Johnson’s lightning-fast ragtime blues was pretty out of place at a time when the top R&B sounds were the Jackson 5, Sly Stone, and Stevie Wonder. I can’t really say that musically this album was a big influence on Dead Mall Blues, because frankly, I can’t play guitar this good! But as a “contemporary” (as in, recorded in the last 50 years) acoustic blues record, Fast and Funky is a personal favorite. On the opening track, Johnson’s vocal are lazy and soulful, while underneath the guitar is popping and thumping all over the place. This rendition of Charley Jordan’s 1930s standard Keep it Clean might be the definitive version of a song that’s been covered to death. Kills me every time.
Backwards Sam Firk
I already wrote a lengthy blog post awhile back devoted to Backwards Sam Firk’s The True Blues and Gospel, so I don’t need to repeat myself. Suffice it to say that the record is a favorite, and its laid-back shuffling vibe was something I wanted to emulate on Dead Mall Blues.

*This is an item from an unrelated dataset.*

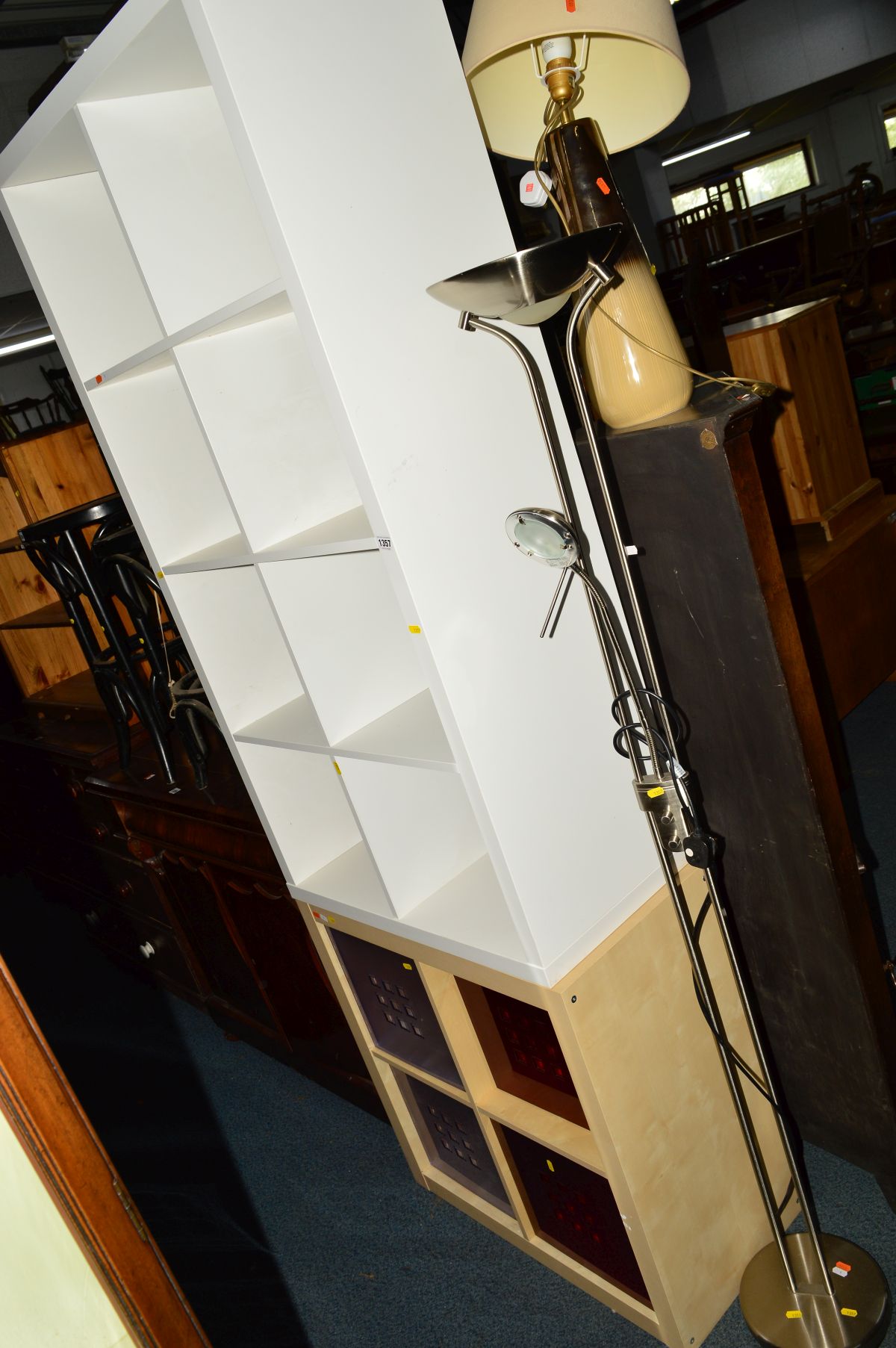 A MODERN BEECH STORAGE UNIT with four perspex boxes, together with an open shelving unit, table lamp - Image 2 of 3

I also wrote about Mickey Baker’s album Mississippi Delta Dues in a previous post, so I’ll just direct you there. The acoustic duo cuts (sans orchestra) with Baker, Stefan Grossman, and some tasteful percussion were definitely a sound that influenced Dead Mall Blues.
There are no Youtube links, but the whole album is on Spotify.

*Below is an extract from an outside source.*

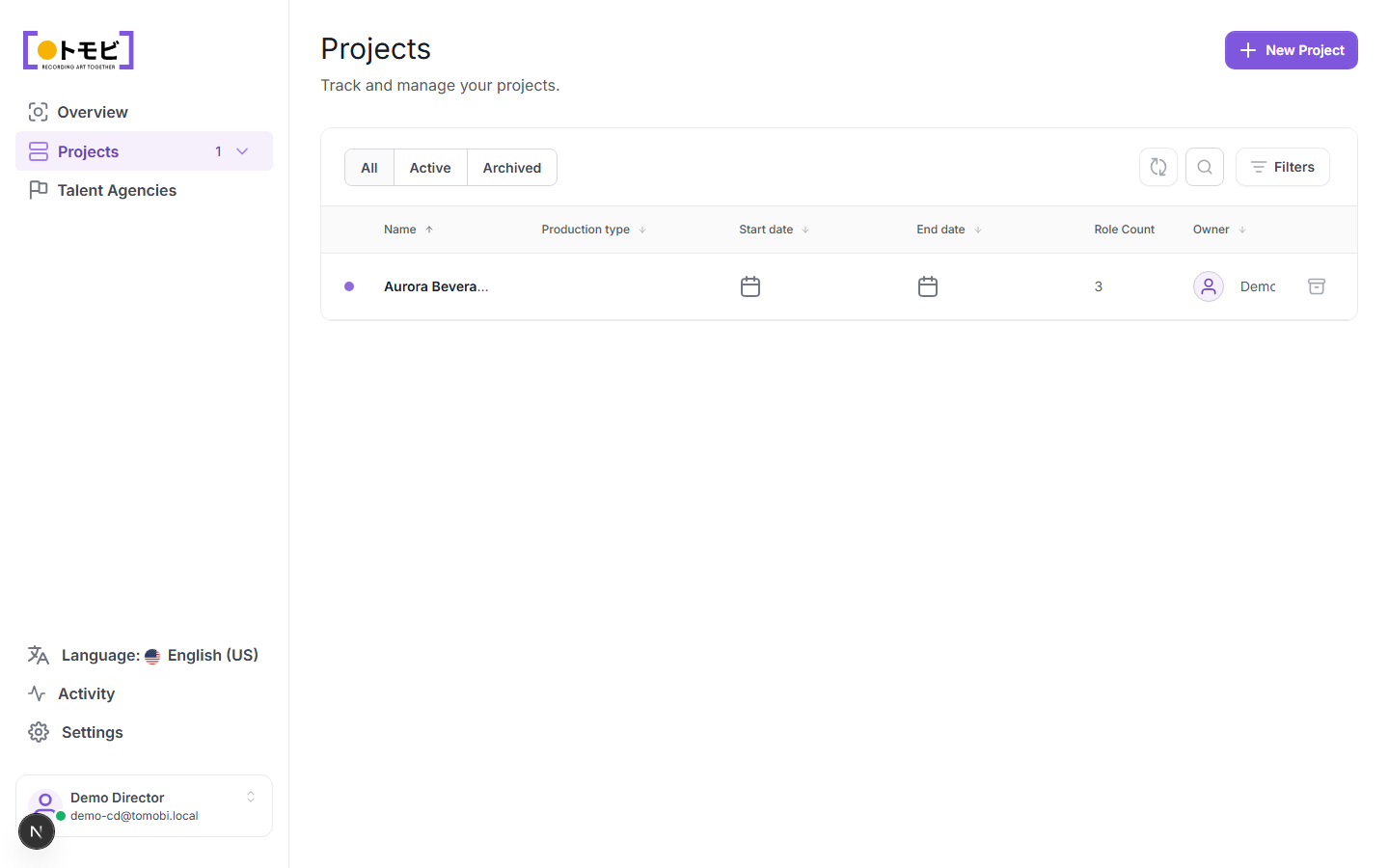 The projects list showing the Aurora Beverage — Spring Campaign project with three roles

You should seek out a copy of the 1973 LP on Blue Star, though, because what are you, some kinda chump?
It could be easy to hate John Hammond, Jr. Born to a rich family looking like he coulda been a character actor in Goodfellas, the dude could have spent his life squandering his inheritance and leading a life of dissipation. Instead he became a serious musician and has spent it roaming the world playing acoustic blues on a National resonator guitar.
As a descendant of the Vanderbilt family and a having father like famed producer and talent scout John Hammond Sr., you could be forgiven for thinking he was maybe a no-talent hack who coasted on his daddy’s music-business connections and family dough. But instead, he’s the real deal who developed a singular guitar and vocal style and recorded with many blues luminaries. Like Ahmet Ertegun of Atlantic, he came from a privileged background but went on to do something positive for American music, unlike our current crop of wealthy but mind-numbingly dull and boring tech billionaires and Wall Street assholes.
Hammond is a great singer and guitar player, but his style is also so individualistic and idiosyncratic that it really can’t be duplicated. Like the Holy Modal Rounders, he’s got some albums with full bands (and some great players backing him up) but I really like his acoustic stuff best. Check out the live album Solo and try not to hate him just because he was young, good-looking, talented, and had rich parents!
If you like British mope-folk like Nick Drake (and who doesn’t?), but want more twelve-string guitar pyrotechnics to go along with your mope (who wouldn’t?), you should check out Michael Chapman. His 1969 debut Rainmaker has both great vocal and instrumental numbers, and if you want more, he’s got a million albums after that. Tompkins Square issued a CD compilation in 2011 of all his accumulated instrumental goodness. I dig it with a big spoon!
I thought I had checked out all of the Fahey disciples in the Takoma stable, but it took me awhile to find Peter Lang. If you already like John Fahey and Leo Kottke, he’s like the John Fahey and Leo Kottke you haven’t heard yet!
His debut The Thing At The Nursery Room Window does a good job of splitting the difference between the restrained arrangements of Fahey and the technical fireworks of Kottke. His live album Prime Cuts is also great – it is pretty thrilling to hear him do the high-wire walk and pull off his compositions in front of an audience.
There’s plenty more, but that’s a short list to just get you started. Maybe you’ve got some favorites of your own that I didn’t mention or haven’t heard yet. If so, leave some suggestions in the comments. I’m always looking for more records.